Dataset entries:
___

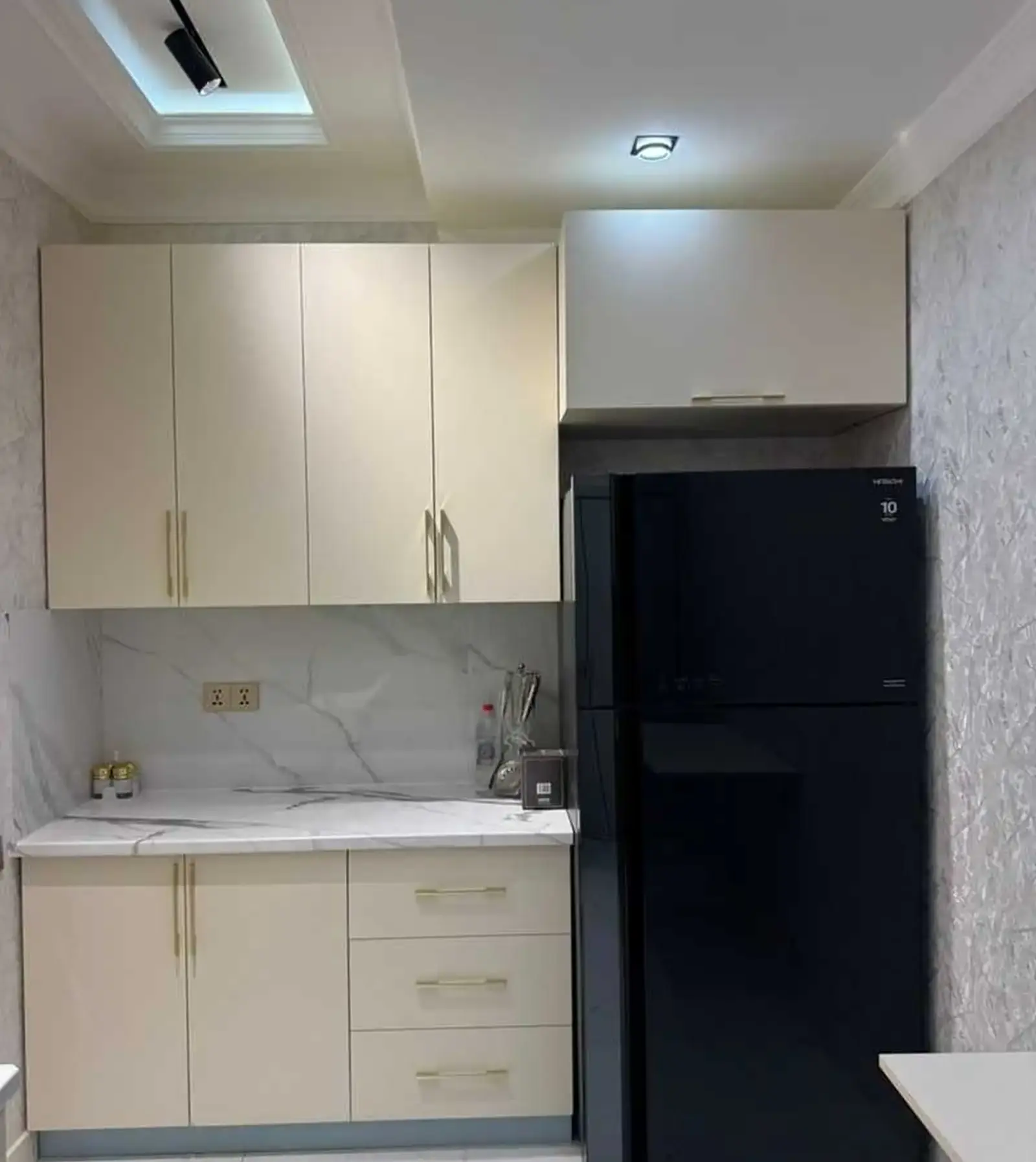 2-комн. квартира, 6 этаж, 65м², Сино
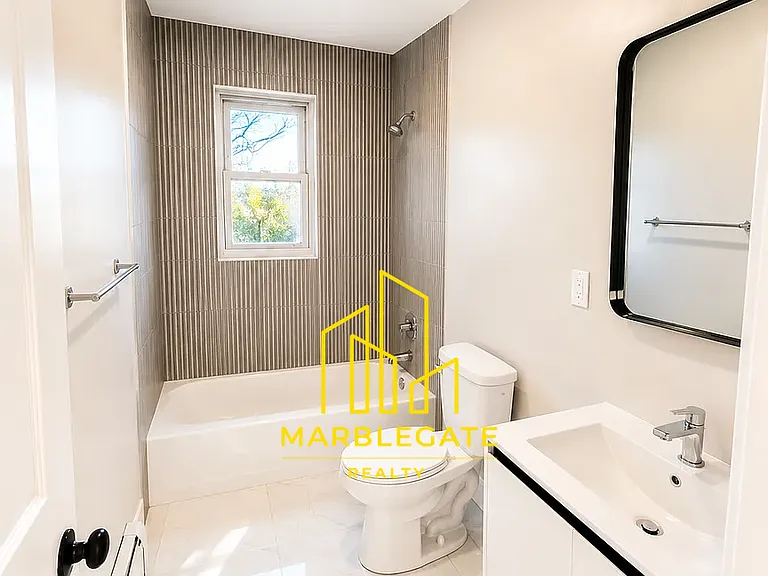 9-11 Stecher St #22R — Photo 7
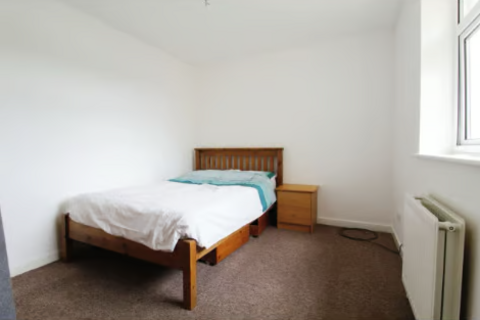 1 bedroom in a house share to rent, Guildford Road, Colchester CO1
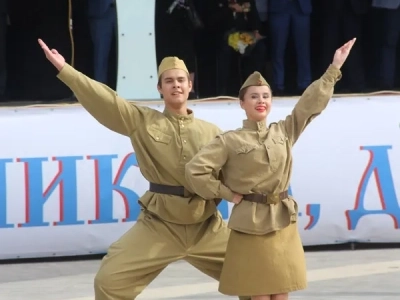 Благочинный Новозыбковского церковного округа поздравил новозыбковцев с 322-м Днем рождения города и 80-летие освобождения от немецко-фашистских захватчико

___

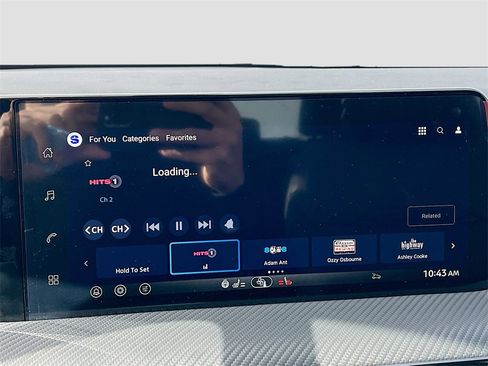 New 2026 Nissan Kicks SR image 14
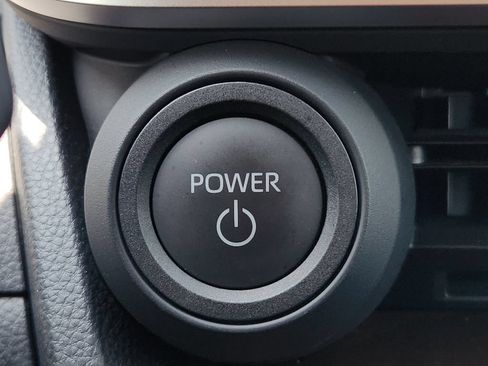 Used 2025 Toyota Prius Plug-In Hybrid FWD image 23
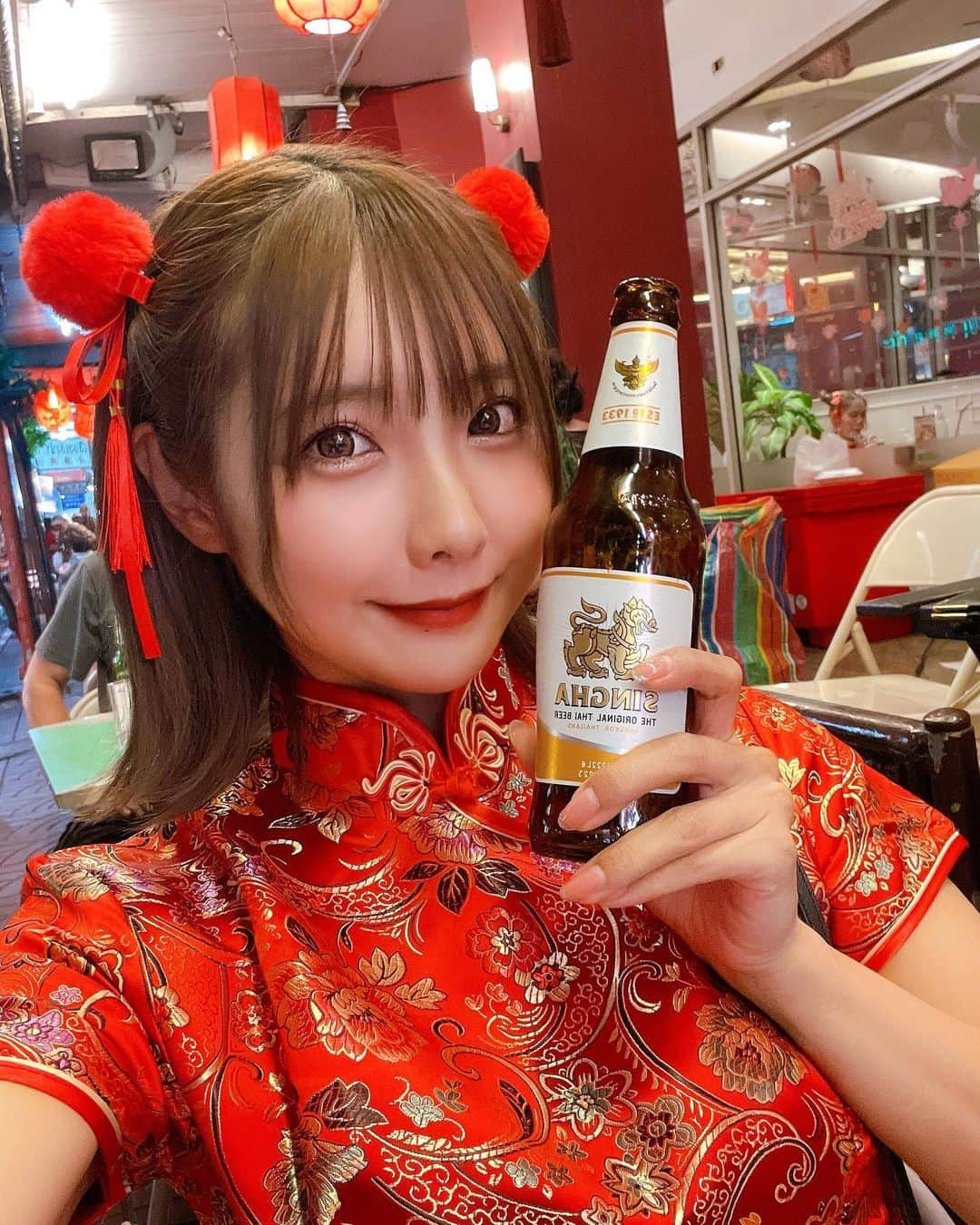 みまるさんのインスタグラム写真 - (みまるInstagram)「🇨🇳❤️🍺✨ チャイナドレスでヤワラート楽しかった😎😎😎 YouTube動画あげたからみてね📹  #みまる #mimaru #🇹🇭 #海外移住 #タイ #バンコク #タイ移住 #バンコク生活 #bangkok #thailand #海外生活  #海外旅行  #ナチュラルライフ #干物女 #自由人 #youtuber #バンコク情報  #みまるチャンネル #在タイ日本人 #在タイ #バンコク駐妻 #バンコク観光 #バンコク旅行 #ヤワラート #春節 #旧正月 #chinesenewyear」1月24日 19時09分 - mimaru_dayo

___

Exactly reproduce the lines above, starting at the one that contains "New 2026 Nissan Kicks SR image 14" and ending at the one that contains "みまるさんのインスタグラム写真 - (みまるInstagram)「🇨🇳❤️🍺✨", both inclusive; leave the pictures out and add no other lines.

Task output:
 New 2026 Nissan Kicks SR image 14
 Used 2025 Toyota Prius Plug-In Hybrid FWD image 23
 みまるさんのインスタグラム写真 - (みまるInstagram)「🇨🇳❤️🍺✨ チャイナドレスでヤワラート楽しかった😎😎😎 YouTube動画あげたからみてね📹  #みまる #mimaru #🇹🇭 #海外移住 #タイ #バンコク #タイ移住 #バンコク生活 #bangkok #thailand #海外生活  #海外旅行  #ナチュラルライフ #干物女 #自由人 #youtuber #バンコク情報  #みまるチャンネル #在タイ日本人 #在タイ #バンコク駐妻 #バンコク観光 #バンコク旅行 #ヤワラート #春節 #旧正月 #chinesenewyear」1月24日 19時09分 - mimaru_dayo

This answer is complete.